The answer to this complex automotive engineering problem, according to the big players in the sector, is to teach the car to think like a human by showing it examples of situations that might come up and then telling it what to do. So, a car slowing ahead triggers the autonomous vehicle to brake gradually, a red light triggers a controlled stop, and a school child running unexpectedly onto the road triggers an emergency manoeuvre. The problem comes when the situations are less clear cut. As The Economist points out, could a plastic bag blowing across the carriageway be mistaken for a running child, a puddle for a sinkhole in the pavement, or a pile of snow for a badly-parked car?

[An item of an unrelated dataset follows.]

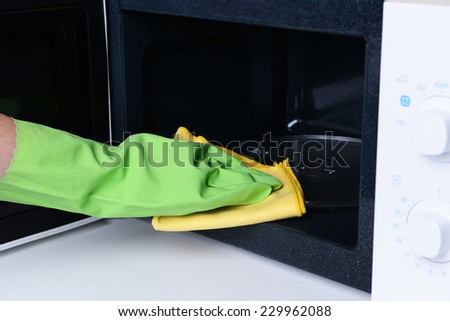 Cleaning microwave oven in kitchen close-up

And what happens when the vehicle hits roadworks that force it to divert to routes not included in the digital maps stored in the computer’s memory?

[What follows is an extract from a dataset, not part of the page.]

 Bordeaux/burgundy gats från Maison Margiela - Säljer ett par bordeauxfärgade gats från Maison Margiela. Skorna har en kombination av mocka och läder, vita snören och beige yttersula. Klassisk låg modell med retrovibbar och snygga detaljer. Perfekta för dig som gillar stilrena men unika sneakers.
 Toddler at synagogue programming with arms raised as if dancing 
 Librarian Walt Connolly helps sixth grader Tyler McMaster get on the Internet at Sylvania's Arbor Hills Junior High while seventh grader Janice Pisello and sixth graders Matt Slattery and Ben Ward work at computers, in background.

Worse yet, it’s almost impossible to write code for algorithms that act on information that human drivers detect and react to without thinking. Examples include the cyclist who doesn’t yield, the learner driver who turns without signalling, and the intoxicated pedestrian who stumbles onto the road. It’s also hard to forge software that caters for exceptions to hard regulations. Imagine a broken-down vehicle on a two-lane highway with a solid line down the centre. A human driver crosses the line to pass when it’s safe to do so, but the autonomous vehicle stubbornly refuses to bend the rules and waits until the obstruction is cleared.

That’s not the only occasion human drivers ignore regulations. Australians, for example, habitually cruise in the outside lane of a quiet freeway even when signs indicate they should use the inside ‘except when overtaking’. And in the UK a headlight flash should officially only be used as a warning, whereas most Brits use the signal to indicate to another driver that they can pull out.

Solving the wrong problem
In their rush to market, the autonomous vehicle makers are trying to solve the wrong problem. Adapting autonomous cars to a human driving environment is as difficult as it was to accommodate the first conventional cars on the streets of New York at the turn of the 19th century. Then, the few ‘horseless carriages’ on the road had to thread their way between the city’s 100,000 horses—and several million pounds of daily-deposited horse manure—averaging a speed little more than walking pace.

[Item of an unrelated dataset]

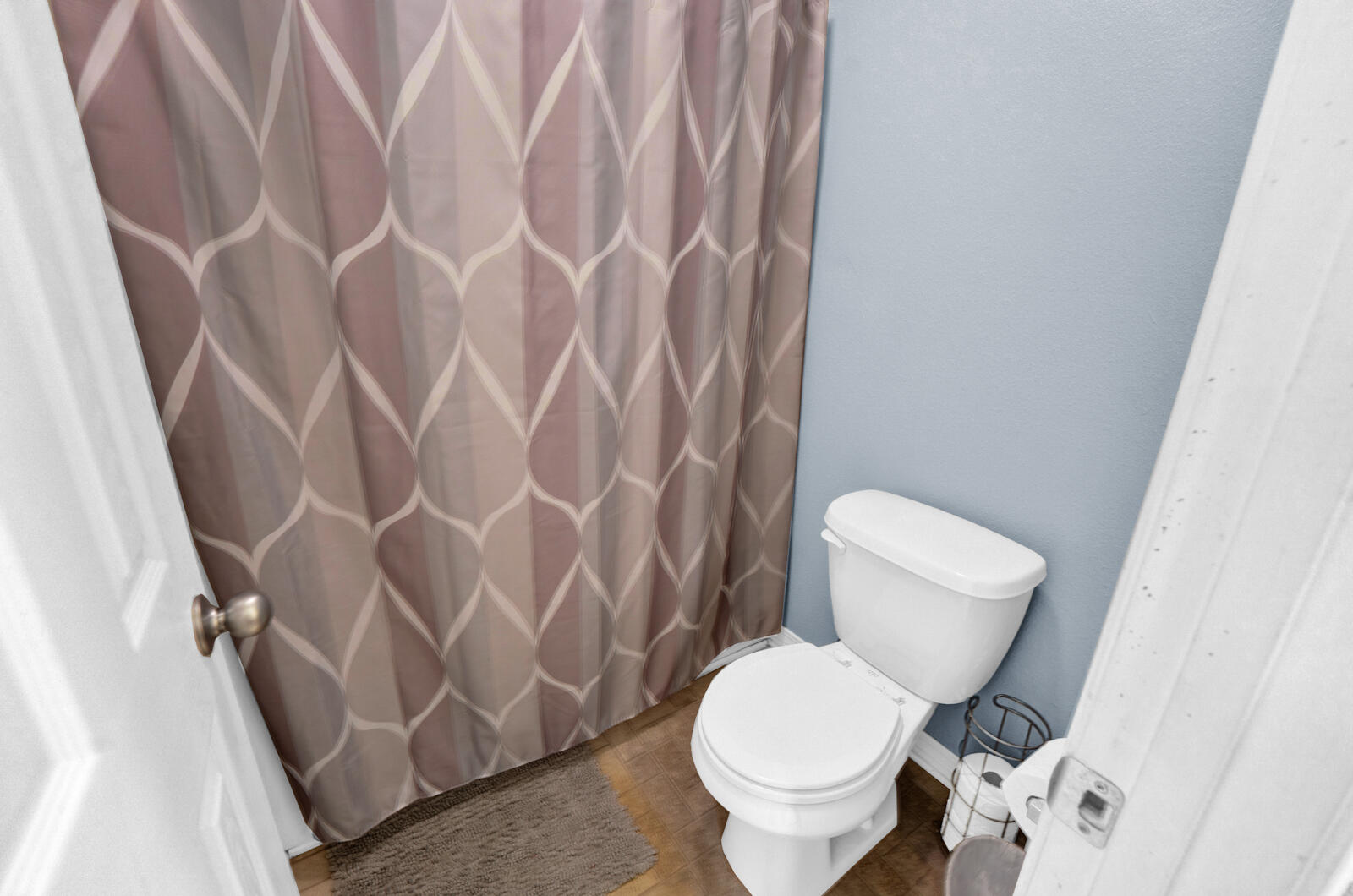 103 Citadel Lane Crestview, FL 32539 - Photo 19 of 41 a white toilet sitting next to a shower curtain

But by the 1920s, when the Ford Model T made motoring affordable and practical, New York’s transport infrastructure had been completely redesigned around the needs of car drivers—with pedestrians, cyclists and, well, horses coming a very distant second. Elsewhere, the 1920s Los Angeles’ design was pretty much dictated by the car. The city’s low population density and far-flung suburbs were created because of the ease with which people could move around in cars during a decade of rapid expansion, from 1910 onwards.

Such radical approaches are needed to introduce autonomous vehicles safely. For example, keeping human-controlled automobiles and self-driven cars apart would eliminate many of the situations where the latter’s’ computer systems could struggle to make the right decision. Similarly, keeping pedestrians and cyclists—and those pesky horses—away from the autonomous cars would eliminate the need for many thousands of lines of code dedicated to avoiding accidents.

In truth, the lessons of history are likely to be ignored because of the economic imperatives, and we’ll spend several decades transitioning from conventional vehicles to autonomous cars by adapting current road systems to suit the latter. But one day, when everyone has gotten used to the idea of climbing into a car and sitting back to relax, the system will be set up to perfectly cater to autonomous-only car fleets allied to a business model forecast by William Clay Ford Jr., executive chairman of the Ford Motor Company. Ford Jr. recognised, as far back as 2000, that the future for his firm would be one where it owned vehicles and made them available to motorists solely when they needed to get somewhere.

Until then, autonomous vehicle software engineers face an uphill struggle and, sadly, the cars they design will be involved in accidents.